- _EXERCISE DIRECTIONS_
Begin with the opening line of the records and extract each line through the one holding "9 DOPP CRESCENT, Brampton"; pictures are not part of the copy.

*** DATA ***

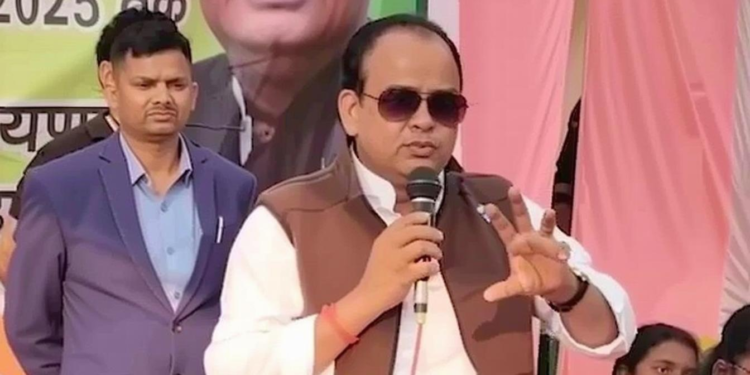 झारखंड मंत्री इरफान का विवादित बयान: घर में बंद कर ताला मारने की धमकी, जानिए पूरी खबर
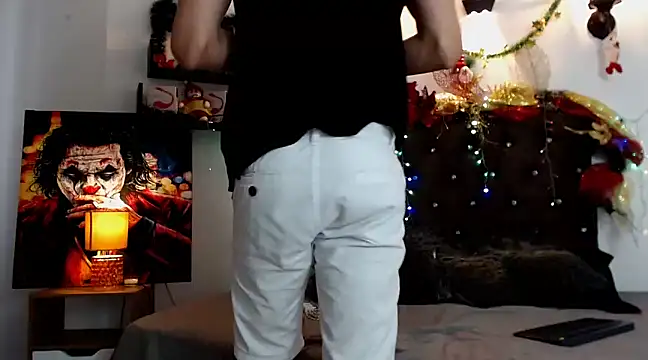 Snapshot of flowers18 chatting on December 2024 10:12:01 PM flowers18 online show from December 2024 10:12:01 PM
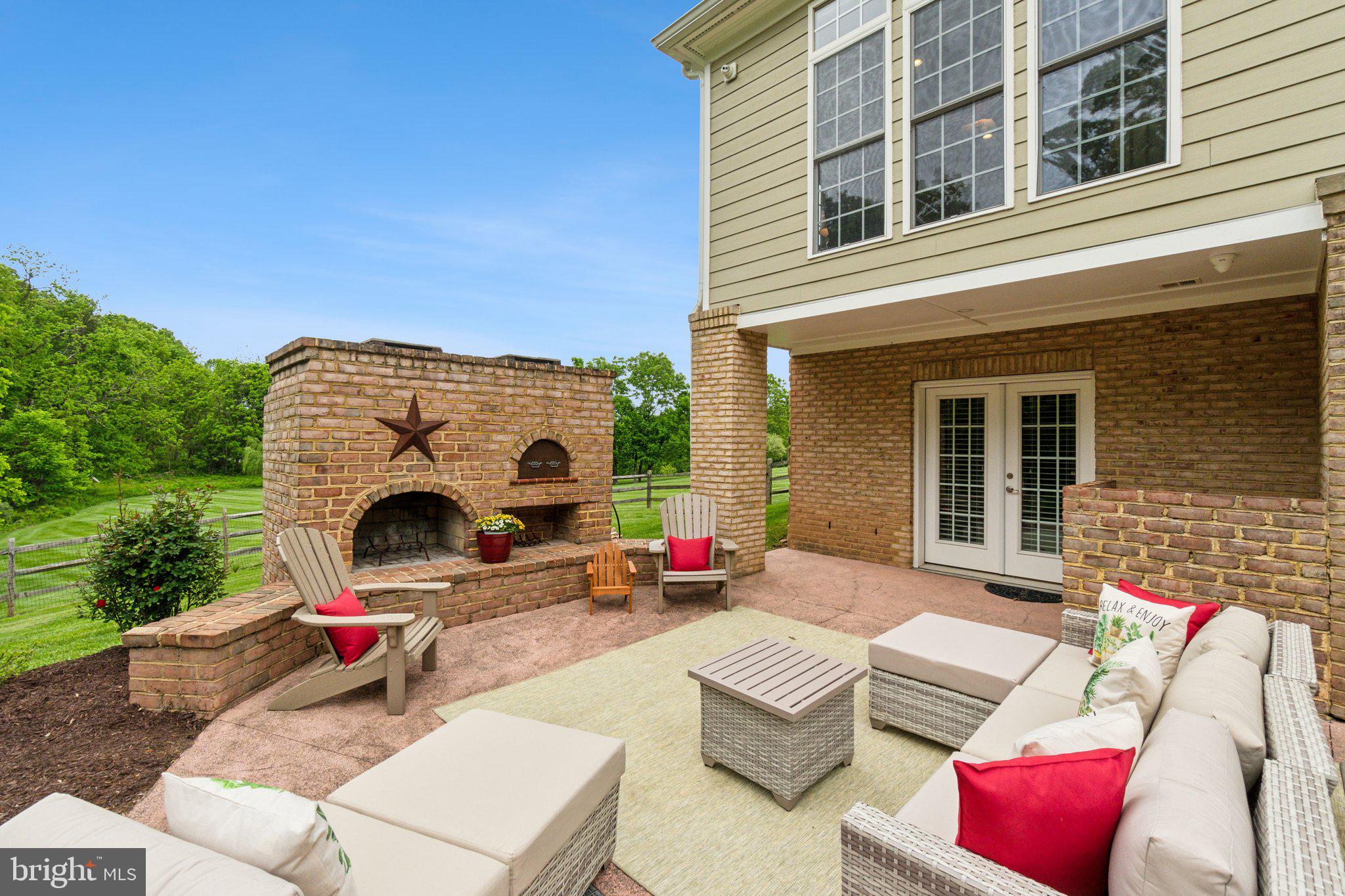 PARK MEADOWS - Residential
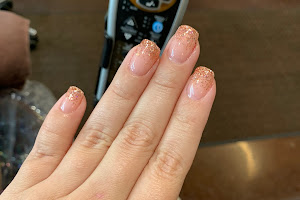 City Nails & Spa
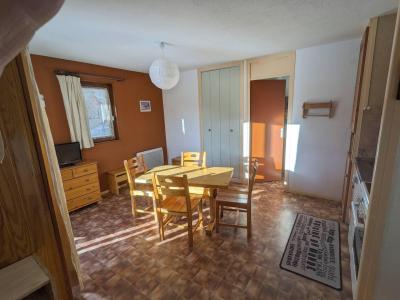 Rent in ski resort 2 room apartment 4 people (127) - Résidence Les Fleurs - Aussois - Living room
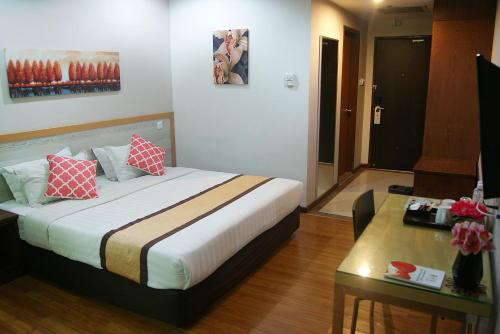 room detail thumbnail 0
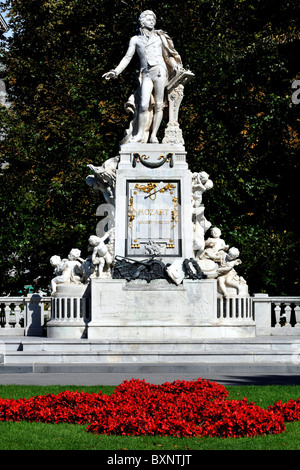 Mozart-Statue, Denkmal für Mozart in den Burggarten, Wien, Österreich, Europa Stockfoto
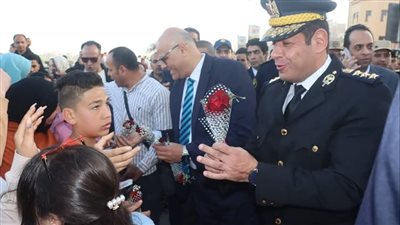 محافظ القليوبية يوزع الورود على المواطنين بشوارع بنها احتفالا بعيد الفطر (صور) 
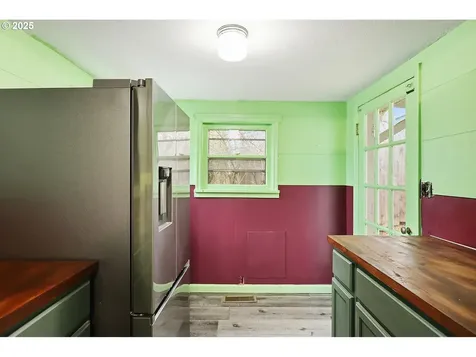 319 W 13th Street The Dalles OR 97058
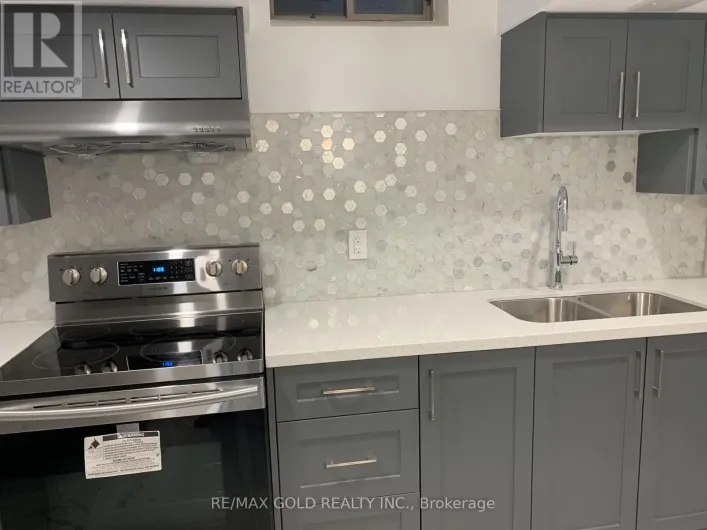 9 DOPP CRESCENT, Brampton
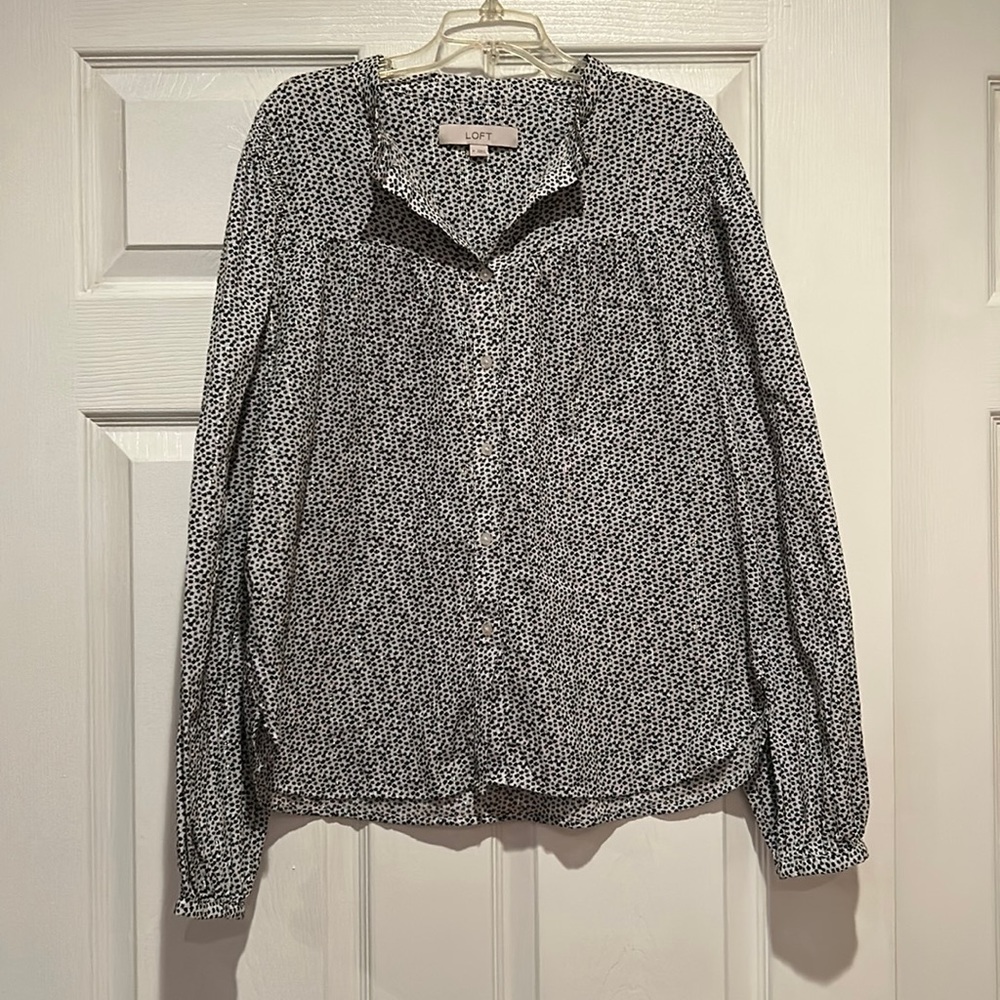 Loft Long Sleeve Lt Gray Black print silver metallic thread Cotton Blouse Sz M
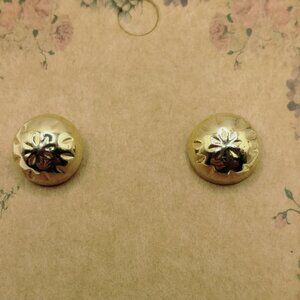 Daisy Gold Tone Stud Earrings Floral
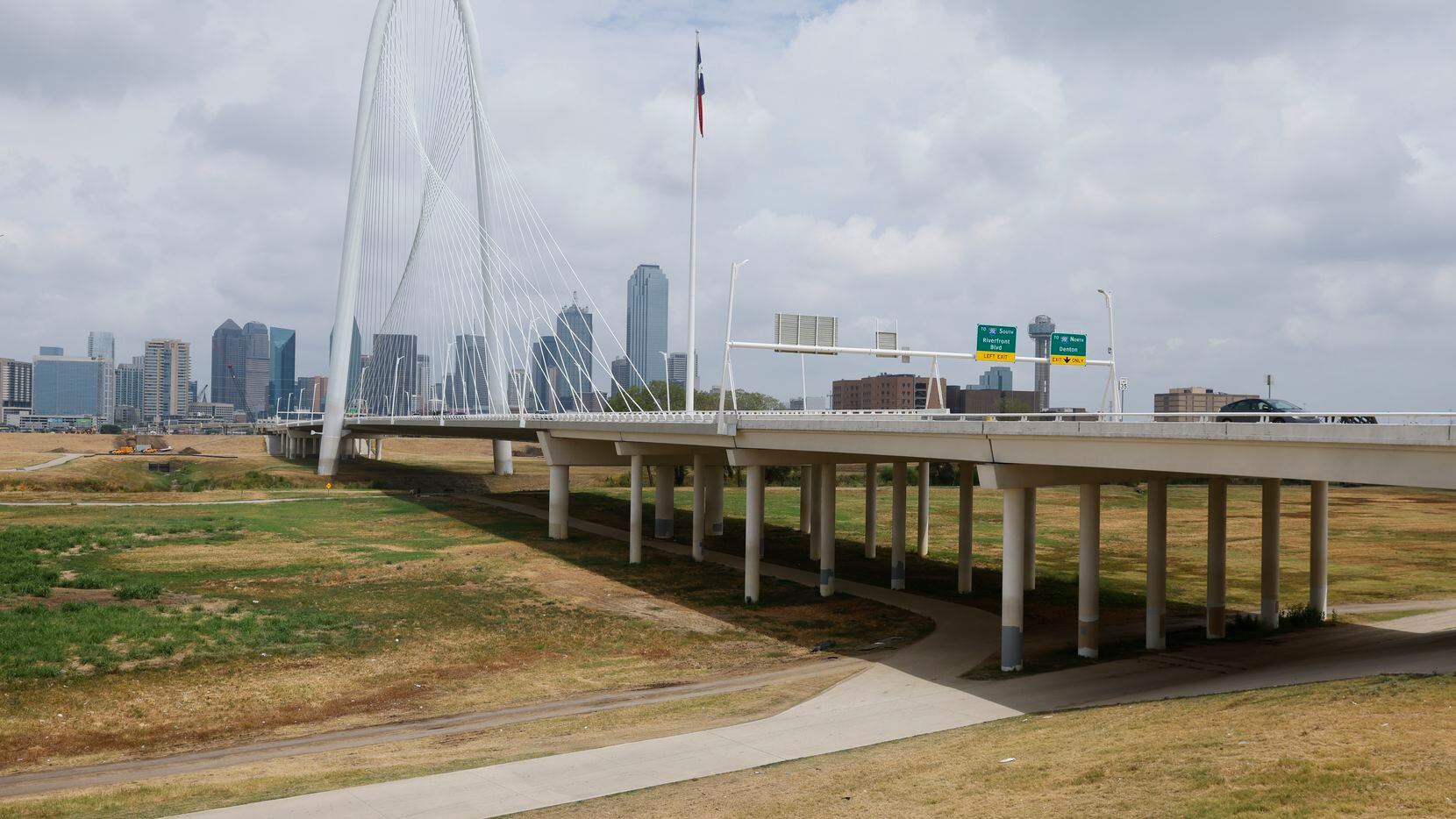 Horizonte de Dallas con vista a Trinity Skyline Trail y Margaret Hunt Hill Bridge el jueves,...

***

- _ANSWER TO THE EXERCISE_
 झारखंड मंत्री इरफान का विवादित बयान: घर में बंद कर ताला मारने की धमकी, जानिए पूरी खबर
 Snapshot of flowers18 chatting on December 2024 10:12:01 PM flowers18 online show from December 2024 10:12:01 PM
 PARK MEADOWS - Residential
 City Nails & Spa
 Rent in ski resort 2 room apartment 4 people (127) - Résidence Les Fleurs - Aussois - Living room
 room detail thumbnail 0
 Mozart-Statue, Denkmal für Mozart in den Burggarten, Wien, Österreich, Europa Stockfoto
 محافظ القليوبية يوزع الورود على المواطنين بشوارع بنها احتفالا بعيد الفطر (صور) 
 319 W 13th Street The Dalles OR 97058
 9 DOPP CRESCENT, Brampton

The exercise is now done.